Parto del supuesto de que el lector que tiene el hábito de leer este blog puede haberse preguntado por qué hablar de la esperanza cuando la temática que lo caracteriza podría ser calificada como política, en su sentido más amplio, se podría decir: aristotélico. Habiéndome planteado este supuesto me veo en la obligación de decir algo al respecto.
Comienzo diciendo que la actitud objetivista
del hombre moderno (siglos XVI al XX) coloca fuera de sí todos aquellos sucesos
sociales, económicos, políticos, culturales, para los cuales puede apelar a las
ciencias correspondientes que le ofrecerán algunas explicaciones de los mecanismos que rigen sus comportamientos. Guarda para una ciencia específica, la
psicología profunda, los acontecimientos que se dan en el ámbito de la
conciencia personal, y allí podrá encontrar algunas pautas que le permitan
comprender de qué se trata. Esta división binaria entre el adentro humano y el afuera
social, resultado del objetivismo mencionado, restringe la investigación a
los hechos materiales (en su sentido
más amplio, no meramente empirista o positivistas), demostrables y
verificables.
Esta división (y oposición) entre un escenario
de la historia y un individuo espectador, mero observante, ha convertido a éste
en un ser pasivo que contempla desde su butaca virtual los acontecimientos y
toma nota de sus resultados. Gottfried Wilhelm Leibniz[1]
(1646-1716) ha denominado esta actitud como la de la razón perezosa:
«En
todo tiempo se han dejado llevar los hombres de un sofisma, que los antiguos
llamaban la razón perezosa, porque lleva a no hacer nada, o por lo menos a no
cuidarse de nada, y a seguir sólo la inclinación a los placeres del presente.
Porque -se decía- si el porvenir es necesario,
lo que debe suceder, sucederá, hágase lo que se quiera.
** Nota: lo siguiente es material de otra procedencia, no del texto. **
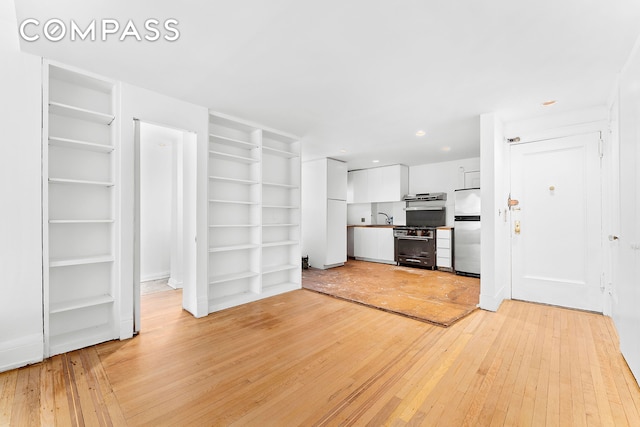 kitchen with modern cabinets, a sink, freestanding refrigerator, light wood-style floors, and white cabinets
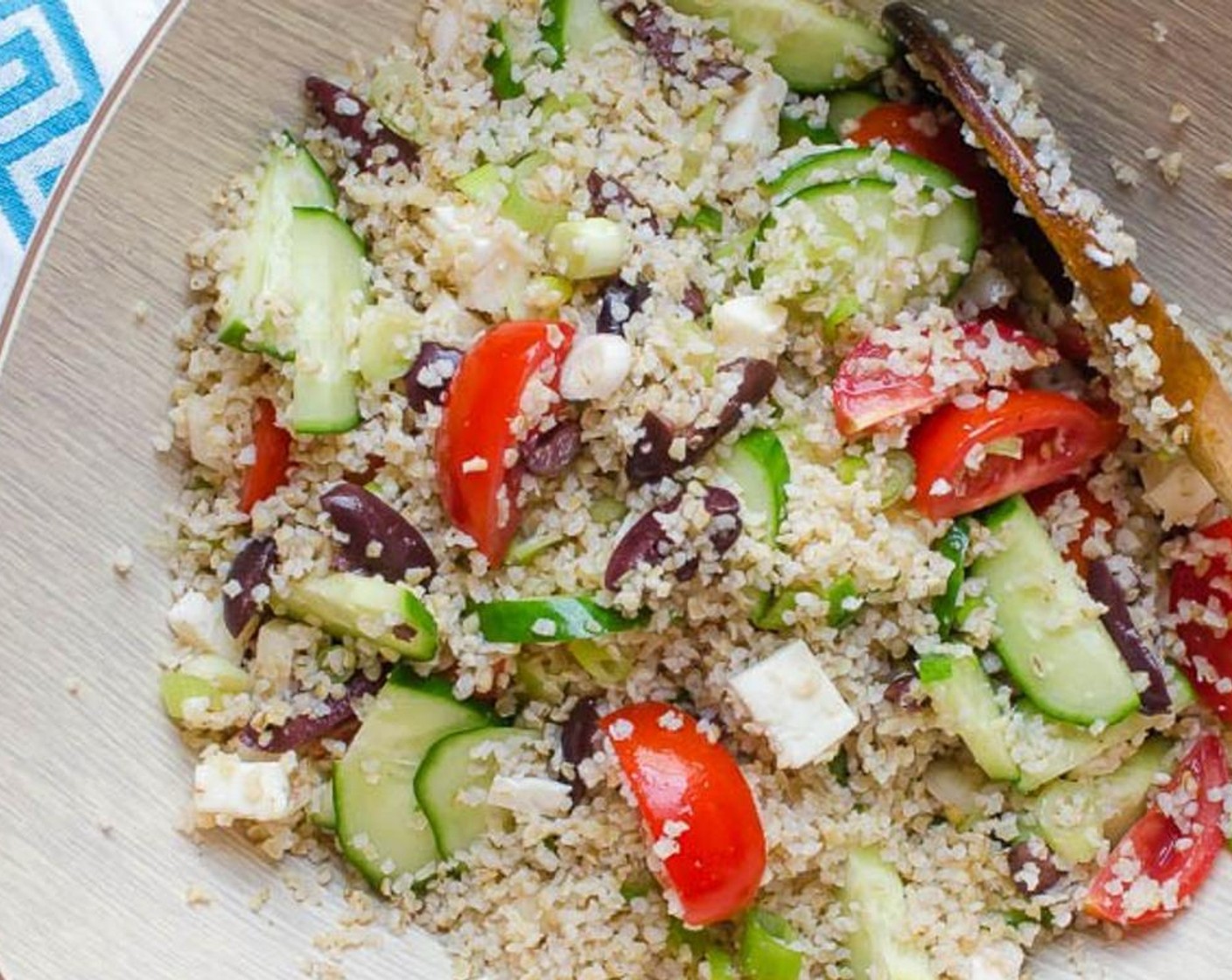 step 4 Add English Cucumber (1/2), Campari Tomatoes (5), cubes of Feta Cheese (3/4 cup), Kalamata Olives (1/2 cup), and Scallion (1 bunch).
Ahora bien; el porvenir
-se añadía- es necesario, ya porque la divinidad lo prevé todo, y hasta lo
preestablece de antemano al regir todas las cosas del universo».
El hombre del siglo XX, y hasta nuestros días,
no está muy lejos de esta actitud. Más de tres décadas de globalización, justificada ideológicamente por la filosofía neoliberal, ha caído en la
misma trampa que denuncia el filósofo alemán: el curso de los acontecimientos
sociales, de cualquier tipo que sean estos, están sometidos a dos reglas inviolables: las que determinan las
leyes de las ciencias sociales, semejantes a las leyes naturales, o las que
rigen el mundo global, las reglas de los poderosos. En ambos casos la posibilidad de incidir en
la toma de decisiones es nula. Entonces no sirve el preocuparse por el sentido,
el rumbo, las consecuencias de todo ello, pertenece a un ámbito pseudo-divino
habitado por dioses (terrenos o celestiales, lo mismo da). Aunque el supuesto
pragmatismo (o realismo, o practicidad) de este hombre de hoy no lo lleve a
preguntarse por nada de ello, sabe que es un terreno ajeno a sus posibilidades
y, por lo tanto a su voluntad.
Me parece que queda más claro ahora, el porqué
de la probable extrañeza de ese lector, al que le debo estas explicaciones. Recurro
a las célebres Tesis sobre Feuerbach de
Carlos Marx cuya número 11 afirmaba: «Los filósofos no han hecho más que
interpretar de diversos modos el mundo, pero de lo que se trata es de
transformarlo». La última palabra es la clave de su tesis: hay que cambiar el
mundo, por una razón ampliamente compartida pero no asumida en todas sus
consecuencias. Sin temor a equivocarse mucho se puede decir que un amplísimo
sector de la población del planeta compartiría la afirmación de que este mundo
es injusto. Esta injusticia, sin embargo, se acepta como un cataclismo
meteorológico. Marx sostenía, hace un siglo y medio, que es una obligación de
todo aquel que comparte ese diagnóstico el proponerse modificarlo en la medida
en que esté a su alcance. Porque como dice el viejo aforismo chino: «Muchos
pequeños hombres, haciendo muchas pequeñas cosas, en muchos pequeños lugares,
cambiaron el mundo».
[1] Fue un filósofo, lógico, matemático, jurista, bibliotecario y político
alemán. Fue uno de los grandes pensadores de los siglos XVII y XVIII, y se le
reconoce como "El último genio universal".